Laurent raconte qu’il a été confronté très jeune au besoin de se « débrouiller pour survivre ». Il précise qu’il devait, avec ses frères, sa soeur et sa mère : « [se] débrouiller pour trouver à manger, pour trouver une place pour coucher, se trouver du linge, pour pas geler l’hiver ». En tant qu’aîné, il dit qu’il se sentait responsable de ses frères et soeur, mais aussi de sa mère dont il dit : « c’était une enfant, comme nous ». Lorsqu’il a été invité à élaborer cette affirmation, il en est venu à décrire sa mère comme étant incapable de prendre des décisions, de protéger ses enfants ou de se protéger elle-même des comportements violents et des abus de son mari. Il donne comme exemple le fait que c’était leur tâche commune, à son frère cadet et à lui-même, de trouver des cachettes pour se réfugier le jour dans la ville, là où il y avait des bouches d’air chaud qui émanait des édifices. En parlant de sa mère, il dira : « c’est qu’elle a été trop battue par son mari, puis ça l’a rendue comme zombie. Elle, elle avait perdu son instinct de survie. Une chance qu’on était là des fois parce que sinon elle se serait laissée mourir, je pense. »

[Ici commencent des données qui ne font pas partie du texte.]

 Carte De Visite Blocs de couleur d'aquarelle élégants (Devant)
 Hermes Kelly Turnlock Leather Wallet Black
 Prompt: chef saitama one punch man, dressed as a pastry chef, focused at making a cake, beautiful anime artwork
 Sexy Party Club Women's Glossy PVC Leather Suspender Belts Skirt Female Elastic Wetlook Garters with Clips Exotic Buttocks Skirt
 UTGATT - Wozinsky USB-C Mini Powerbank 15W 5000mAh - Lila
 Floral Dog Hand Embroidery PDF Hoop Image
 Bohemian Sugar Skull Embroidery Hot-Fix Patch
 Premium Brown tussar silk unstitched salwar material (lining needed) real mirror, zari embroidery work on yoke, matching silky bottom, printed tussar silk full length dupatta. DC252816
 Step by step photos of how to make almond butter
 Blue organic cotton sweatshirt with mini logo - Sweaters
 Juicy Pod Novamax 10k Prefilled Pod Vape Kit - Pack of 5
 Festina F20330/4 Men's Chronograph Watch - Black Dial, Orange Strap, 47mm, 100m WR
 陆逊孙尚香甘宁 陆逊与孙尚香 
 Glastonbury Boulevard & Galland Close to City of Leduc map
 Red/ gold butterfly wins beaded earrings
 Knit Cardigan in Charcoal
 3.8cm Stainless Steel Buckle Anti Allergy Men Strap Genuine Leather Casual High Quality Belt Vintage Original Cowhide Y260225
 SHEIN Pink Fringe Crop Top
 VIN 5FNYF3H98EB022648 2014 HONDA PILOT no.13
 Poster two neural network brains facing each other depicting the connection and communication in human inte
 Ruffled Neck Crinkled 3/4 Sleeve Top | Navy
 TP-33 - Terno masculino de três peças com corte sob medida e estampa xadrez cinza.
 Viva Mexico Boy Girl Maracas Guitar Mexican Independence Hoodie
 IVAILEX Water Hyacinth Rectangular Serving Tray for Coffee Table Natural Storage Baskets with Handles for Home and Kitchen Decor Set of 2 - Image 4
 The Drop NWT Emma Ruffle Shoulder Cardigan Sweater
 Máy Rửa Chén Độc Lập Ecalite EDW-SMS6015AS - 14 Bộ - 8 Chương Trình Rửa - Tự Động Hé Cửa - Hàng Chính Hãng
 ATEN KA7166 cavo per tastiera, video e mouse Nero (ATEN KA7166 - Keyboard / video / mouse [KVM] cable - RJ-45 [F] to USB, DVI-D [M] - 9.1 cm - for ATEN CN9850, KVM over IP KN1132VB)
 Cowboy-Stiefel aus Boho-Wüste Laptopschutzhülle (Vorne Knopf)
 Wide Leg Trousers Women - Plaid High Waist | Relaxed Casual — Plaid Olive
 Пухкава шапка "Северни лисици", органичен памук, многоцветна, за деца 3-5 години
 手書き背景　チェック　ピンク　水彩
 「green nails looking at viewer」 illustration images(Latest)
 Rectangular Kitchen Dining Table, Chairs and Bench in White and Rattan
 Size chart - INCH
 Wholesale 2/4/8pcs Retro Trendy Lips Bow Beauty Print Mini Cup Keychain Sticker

Laurent raconte avoir peu fréquenté l’école en raison du comportement de son père et du fait qu’ils étaient souvent forcés d’errer sans accès à leur logement. Il ajoute que, lorsqu’il y allait, il ne s’y sentait pas à sa place. Il raconte avoir eu l’impression que tous les yeux étaient sur lui et qu’on le surveillait de près. Lorsqu’il a été invité à élaborer sur ses impressions et ses expériences scolaires, Laurent répond qu’il se battait fréquemment dans la cour de récréation parce qu’il ne savait pas parler. Interrogé sur ce qu’il voulait dire par là, il précise qu’il n’avait pas une bonne élocution, mais surtout qu’il ne savait que « parler avec [s]es poings ». En raison de son comportement batailleur, Laurent dit qu’il se retrouvait souvent au bureau du directeur, qu’il haïssait intensément. Il réalise en parlant de cet homme au cours des entretiens qu’il le haïssait sans raison véritable car, dit-il :

Le principal… dans le fond… il a toujours été correct avec moi. […] Il a vraiment essayé de m’aider, il me parlait, il [ne] m’a pas donné la strap même si je faisais semblant que c’est ce qui se passait dans son bureau… il faisait juste me parler … pas fort, à part ça, il [ne] criait pas, rien… mais, je [ne] lui faisais pas confiance… Je [ne] faisais confiance à personne, tous les hommes étaient comme mon père pour moi dans ce temps-là !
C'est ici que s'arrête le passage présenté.